Ukraine’s Quiet Depopulation Crisis
Ukraine’s president wanders the deserted streets of the capital, Kyiv, feasting in vacated supermarkets and ringing the bells of Saint Michael’s Monastery, in the forlorn hope of reaching someone left to hear them. Elsewhere, a few souls can still be found: A pro-Russian fighter stalks empty buildings in the country’s east; a supermodel wins contest after contest in which she is the only competitor; an itinerant oligarch hammers signs into the ground to “claim” abandoned territory.
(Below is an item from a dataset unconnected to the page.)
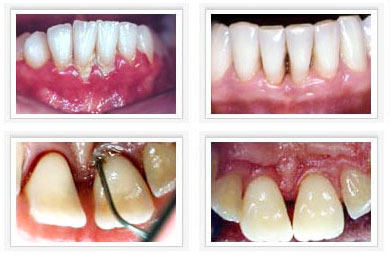  Die Parodontose ist eine entzündliche Erkrankung des Zahnhalteapparates, die unbehandelt zunächst zu Zahnlockerung und letztendlich zu Zahnverlust führen kann.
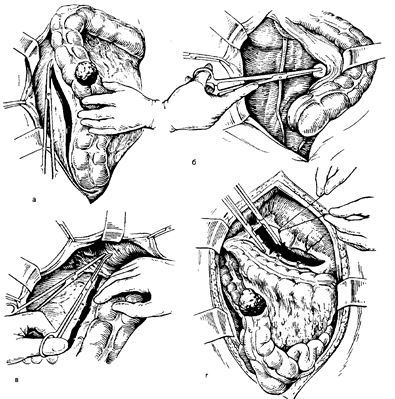 Инородное тело брюшной полости после операции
The scenes are fictitious—the first from a 2017 episode of a comedy series starring the man who is now Ukraine’s actual president; the others from a 2018 mockumentary—yet they testify to a growing unease in the country over its declining population. This worry pervades much of Ukraine’s immediate region: In a United Nations study, the top 10 countries ranked by their projected population decline over the next 30 years are all in post-socialist Eastern Europe, an area characterized by low birth rates, small numbers of immigrants, and large numbers of departing citizens.
Ukraine nevertheless stands apart. It is still a nation at war, yet in a survey last year, 55 percent of residents named mass emigration as the greatest threat to their country—the UN estimates that Ukraine could lose nearly a fifth of its population by 2050.